Zweitens: Alle Staaten müssen die Religionsfreiheit nicht nur in die Verfassungen schreiben, sondern sie mit allen Möglichkeiten propagieren und einführen, die Toleranz und gegenseitige Akzeptanz einfordert. Dazu ist gute Schulbildung wichtig. Auch die Universitäten, ebenso Industrie, Verwaltung und Handel dürfen keine Diskriminierungen aus religiösen Gründen zulassen. Die Politiker müssen in all ihrem Reden und Tun die Religionsfreiheit und das friedliche Miteinander aller Gruppen einfordern. Drittens: Die Religionen müssen den interreligiösen Dialog pflegen, um sich immer besser zu verstehen und Solidarität und Frieden, Freiheit und Einheit zu fördern. Es gibt bereits viele gute Ansätze, auch in Nigeria im interreligiösen Dialog; er muss weitergeführt werden.

Der Afrikatag 2021 steht unter dem Motto "Damit sie das Leben haben". Was gehört denn zu einem erfüllten Leben in Afrika?
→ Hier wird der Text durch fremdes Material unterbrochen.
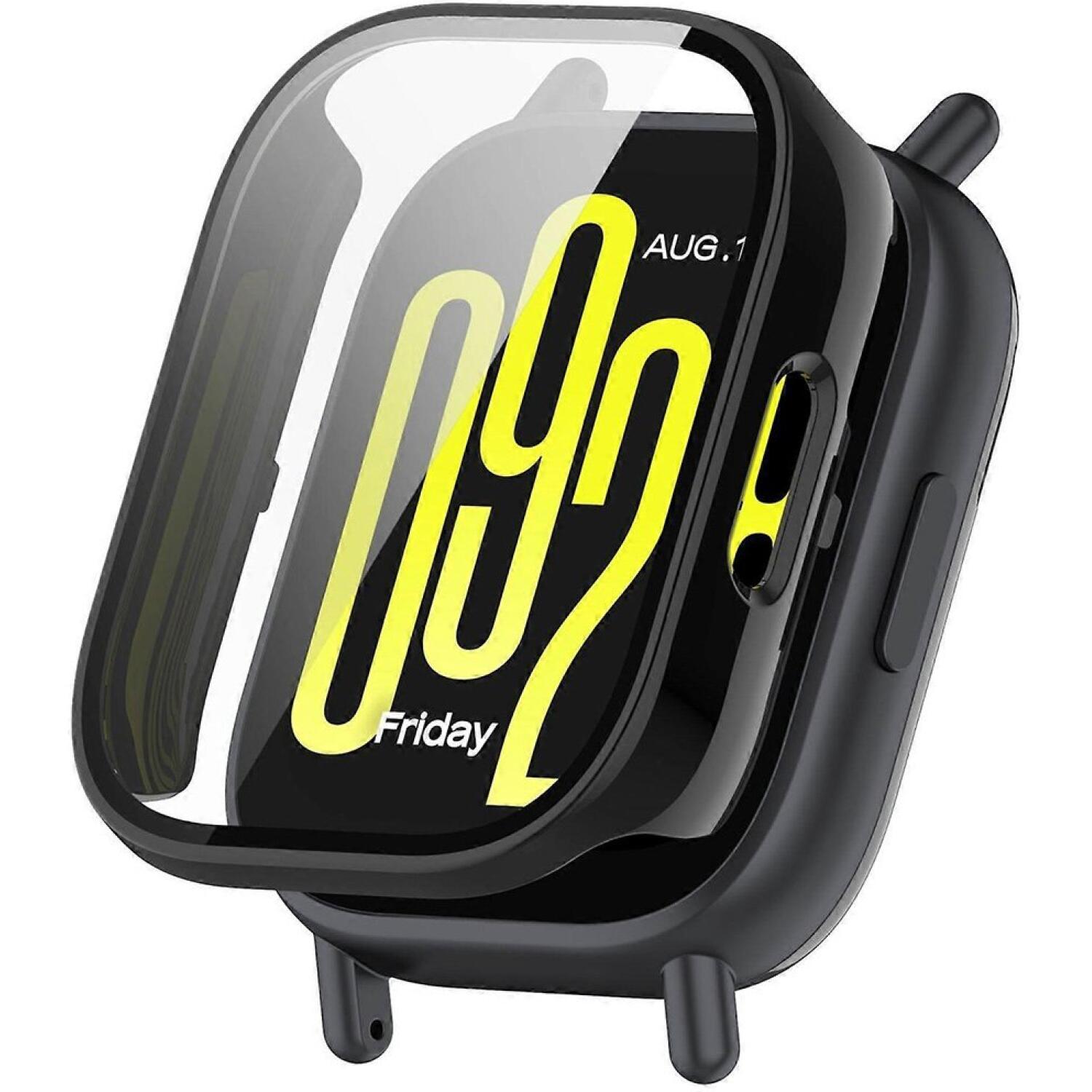 Θήκη Xiaomi Redmi Watch 5 Active Techsuit Defense360 Pro με Tempered Glass Black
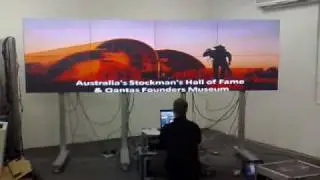 Spyder Demo on a plasma wall
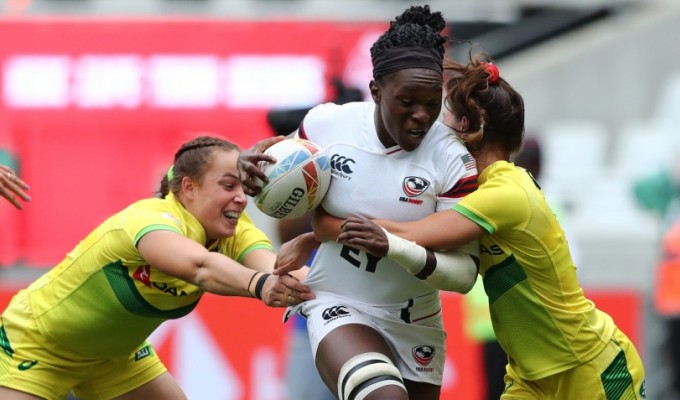 Cheta Emba looks for a way through against Australia. Mike Lee KLC Fotos for World Rugby.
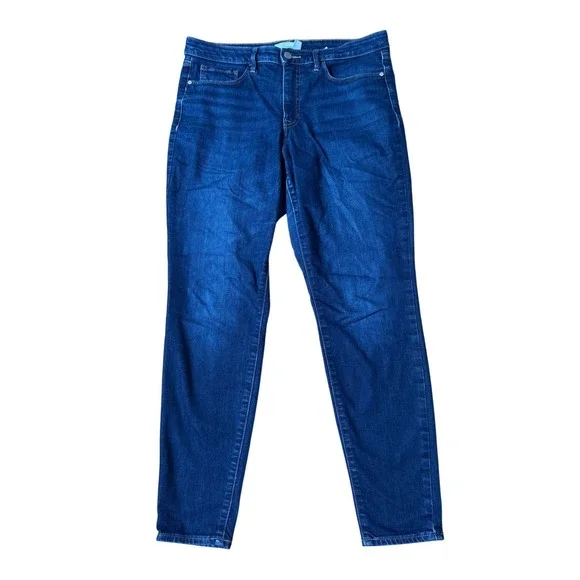 Athleta Sculptek Jeans Women Blue Dark Wash Skinny Sculpting SIZE 12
Schick: Zum Leben gehört das tägliche Brot, Gesundheit, Freiheit, Sicherheit und Friede, Familienleben. Für Kinder und Jugendliche: Spielen, Lernen, sich entwickeln. Für Erwachsene: Arbeit und Selbstbestimmung in Religion, Beruf und gesellschaftlichem Leben. Das gilt für alle Menschen, auch in Afrika. Wir müssen uns gegenseitig helfen, dass überall die Menschen das Leben haben.

Afrika wird in der Öffentlichkeit zumeist als Krisenkontinent wahrgenommen. Trifft diese Einschätzung überhaupt zu?

Schick: Afrika ist der reichste Kontinent. Die meisten Bodenschätze der Erde gibt es in Afrika: Öl, Lithium, Kupfer, Gold etc., herrliche Landschaften, fruchtbaren Boden, Wasser und Meer, viele junge, kräftige Menschen, die in Afrika blühende Landschaft errichten und einen Beitrag für das Gemeinwohl in der ganzen Welt leisten könnten.

Afrika ist zugleich der Krisenkontinent, weil die Afrikaner an ihrer Entwicklung gehindert werden. Der Reichtum Afrikas macht die reichen Länder Europas und Nordamerikas reicher und belässt die Afrikaner in ihrer Armut. Das muss sich ändern. Afrika den Afrikanern, die ihren Beitrag zum internationalen Wohl beitragen!

Als Weltkirche-Bischof unternehmen Sie sonst Solidaritätsreisen nach Afrika. In Corona-Zeiten ist das gerade nicht möglich. Wie kann man von Deutschland aus Solidarität zeigen?

Schick: Wir in Deutschland und Europa müssen noch entschiedener Religionsfreiheit propagieren, die auch bei uns in jüngster Zeit verstärkt in Wort und Tat in Frage gestellt wird. Der wachsende Antisemitismus, Islamphobie, auch Diskriminierung von Christen, müssen geächtet und überwunden werden. Das ist ein Beitrag für den Religionsfrieden weltweit. Der interreligiöse Dialog muss auch bei uns weitergeführt werden, auch als Beispiel für Afrika und alle anderen Kontinente.

Mit unserem Opfer am Afrikatag, aber auch bei den Sternsingern, werden in Afrika Projekte in Bildung, im Gesundheitswesen sowie in der Friedensarbeit gefördert, die direkt oder indirekt der Solidarität und dem gegenseitigen Verständnis der Menschen aller Religionen in Afrika dienen. Das Gebet für die verfolgten und bedrängten Christen in Afrika, das auch die Bedrängten und Verfolgten anderer Religionen und Weltanschauungen einschließt, ist ein Beitrag zum Religionsfrieden in Afrika.